*Problem statement*
Drop the images, then output the listing exactly.

◇ ◇ ◇ ◇

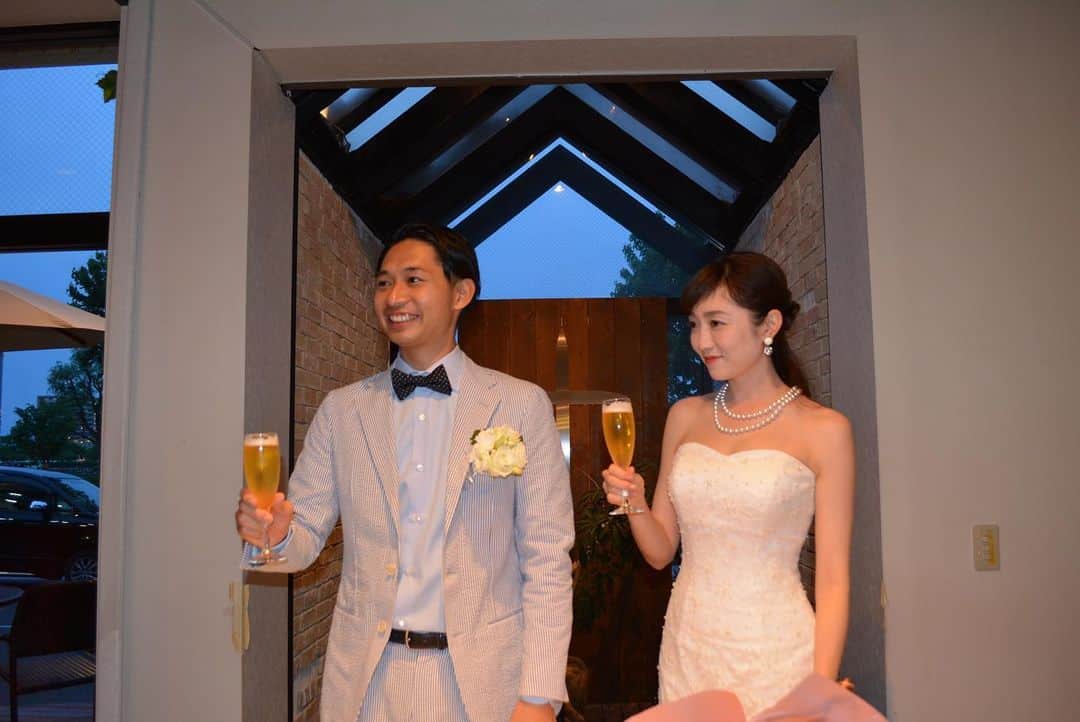 新海史子さんのインスタグラム写真 - (新海史子Instagram)「結婚式 その3 連投お許しください。  二次会は結婚式の緊張から解き放たれていつも通りに飲みました。 落とし所のわからないファーストバイトから始まり、突如始まった司会者さんの実況、びっくり仰天サプライズなVTR、余興は女性陣のキュートなミニスカダンス、男性陣の小芝居と太ももあらわな女装が秀逸で、陽気な友人のキスマークにまみれて終わりました。  仕事の合間を縫って準備をしてくれた同僚のみなさま 遅くまで家のことや子供のことを調整して参加してくれたみなさま ありがとうございました。 結婚式から二次会までシャッターを切り続けてくれた謎の美人カメラマンしおりさん どストライクなアクセサリーを作ってくださったかおりさん 美容をアドバイスしてくださったみさえさん ありがとうございました。  最後に 計画性がない、行動力がない、センスがない、帰りが遅い と罵り続けた旦那さま 一度も怒らないどころか超粋なプレゼントまで用意してくれて ありがとうございました。 ごめんなさい✖︎100万回 #結婚式二次会 #カフェアンドパーティーシーズン  #産後のホルモンバランスのせいにするのはもうおしまい」5月22日 17時07分 - shinkai.0305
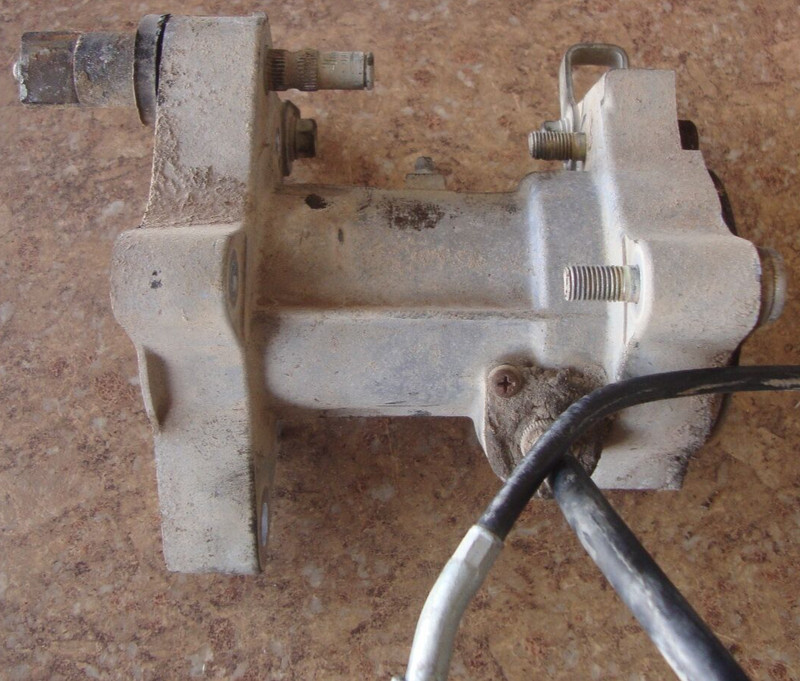 85 Suzuki Quadrunner LT250E LT250 LT Rear Axle Bearing Carrier Brake Housing N10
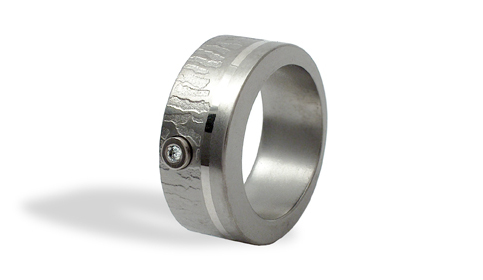 пръстен от титан с диамант пръстен от титан с диамант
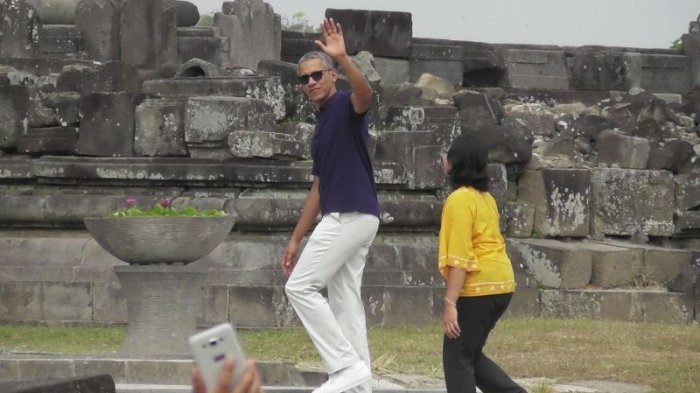 obama-di-prambanan_20170629_134955.jpg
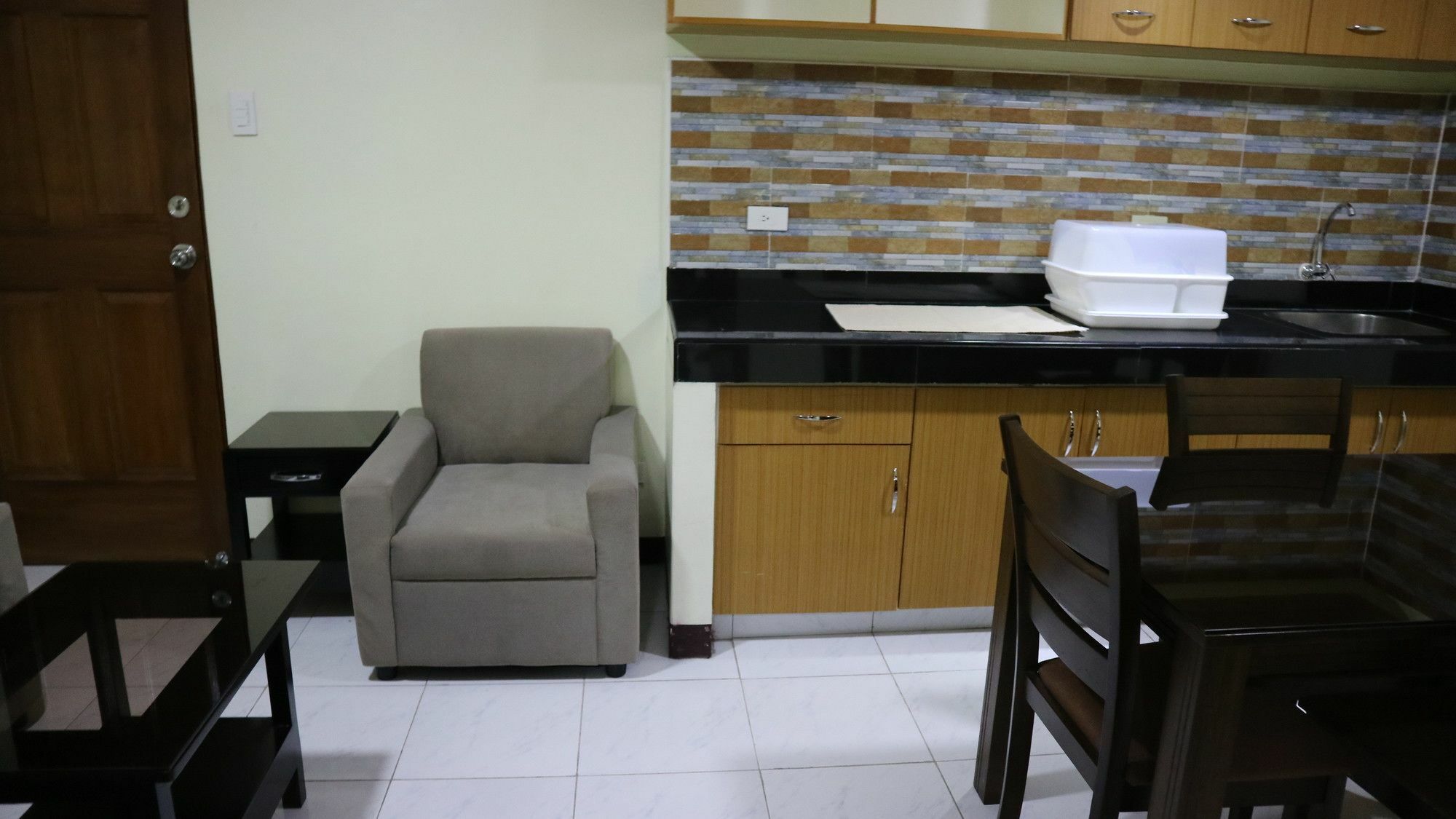 Doniti Suites And Events Place Mandaluyong Buitenkant foto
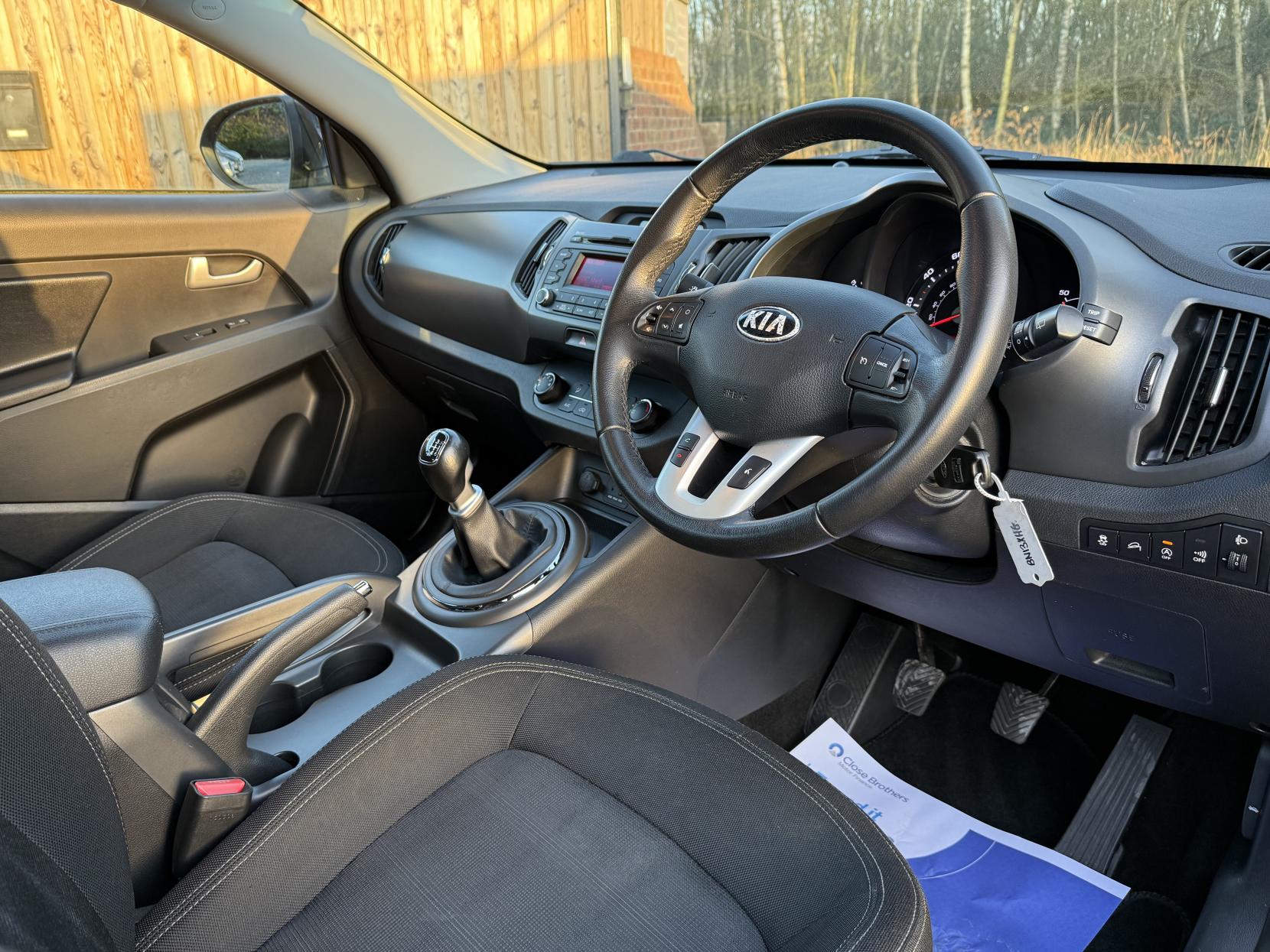 Kia Sportage 1.7 CRDi EcoDynamics 1 SUV 5dr Diesel Manual 2WD Euro 5 (s/s) (114 bhp)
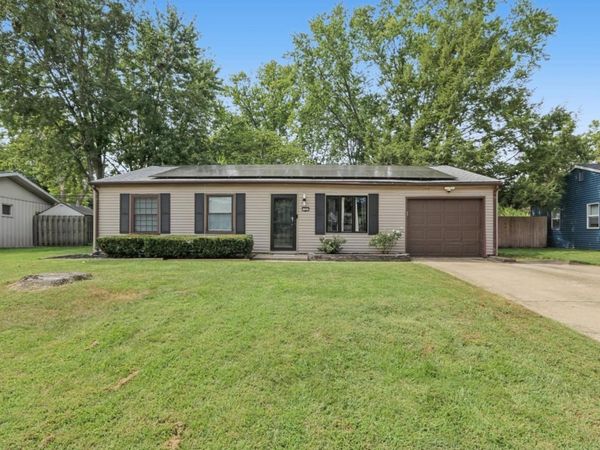 1307 Briarwood Drive, Champaign, IL 61821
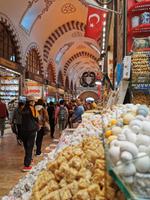 Stand mit Süßigkeiten im Kapali Carsi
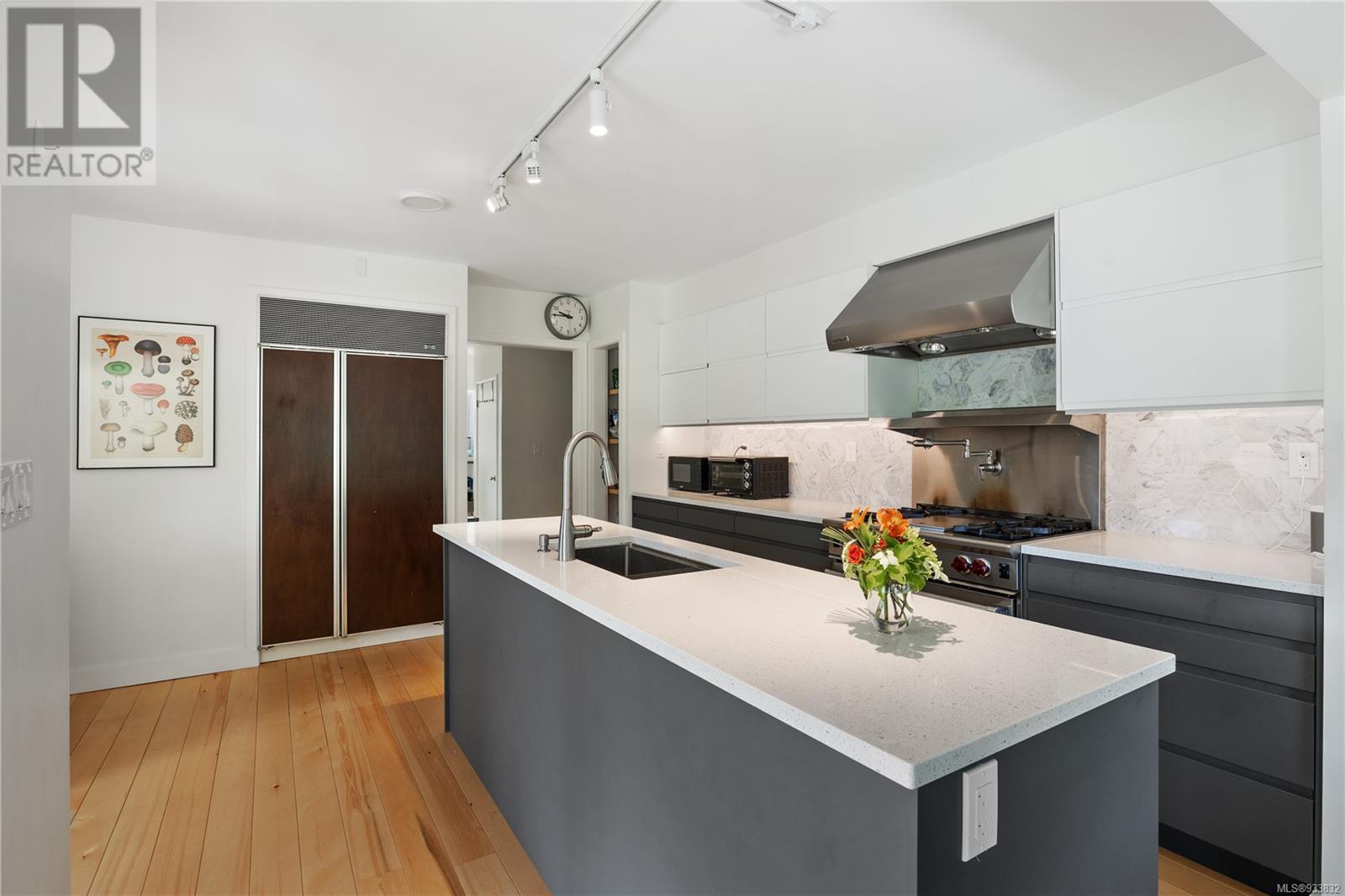 3041 Royston Rd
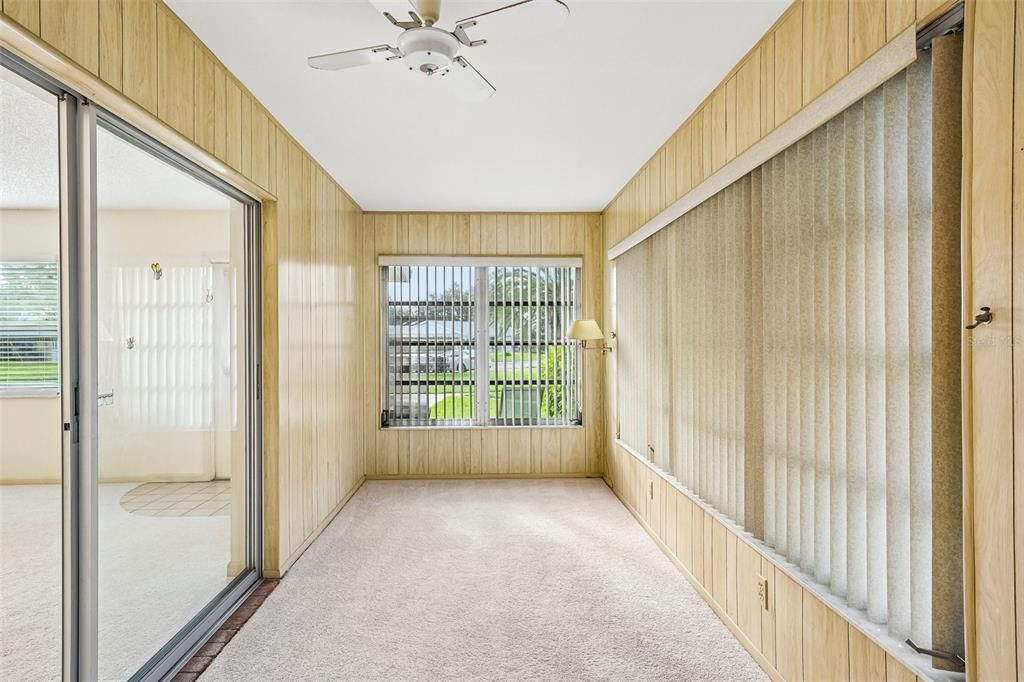 For Sale: $98,500 (1 beds, 1 baths, 960 Square Feet)
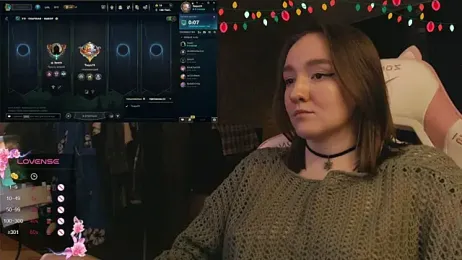 MoonlishSiren webcam model stream image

◇ ◇ ◇ ◇

*Result of the exercise*
 新海史子さんのインスタグラム写真 - (新海史子Instagram)「結婚式 その3 連投お許しください。  二次会は結婚式の緊張から解き放たれていつも通りに飲みました。 落とし所のわからないファーストバイトから始まり、突如始まった司会者さんの実況、びっくり仰天サプライズなVTR、余興は女性陣のキュートなミニスカダンス、男性陣の小芝居と太ももあらわな女装が秀逸で、陽気な友人のキスマークにまみれて終わりました。  仕事の合間を縫って準備をしてくれた同僚のみなさま 遅くまで家のことや子供のことを調整して参加してくれたみなさま ありがとうございました。 結婚式から二次会までシャッターを切り続けてくれた謎の美人カメラマンしおりさん どストライクなアクセサリーを作ってくださったかおりさん 美容をアドバイスしてくださったみさえさん ありがとうございました。  最後に 計画性がない、行動力がない、センスがない、帰りが遅い と罵り続けた旦那さま 一度も怒らないどころか超粋なプレゼントまで用意してくれて ありがとうございました。 ごめんなさい✖︎100万回 #結婚式二次会 #カフェアンドパーティーシーズン  #産後のホルモンバランスのせいにするのはもうおしまい」5月22日 17時07分 - shinkai.0305
 85 Suzuki Quadrunner LT250E LT250 LT Rear Axle Bearing Carrier Brake Housing N10
 пръстен от титан с диамант пръстен от титан с диамант
 obama-di-prambanan_20170629_134955.jpg
 Doniti Suites And Events Place Mandaluyong Buitenkant foto
 Kia Sportage 1.7 CRDi EcoDynamics 1 SUV 5dr Diesel Manual 2WD Euro 5 (s/s) (114 bhp)
 1307 Briarwood Drive, Champaign, IL 61821
 Stand mit Süßigkeiten im Kapali Carsi
 3041 Royston Rd
 For Sale: $98,500 (1 beds, 1 baths, 960 Square Feet)
 MoonlishSiren webcam model stream image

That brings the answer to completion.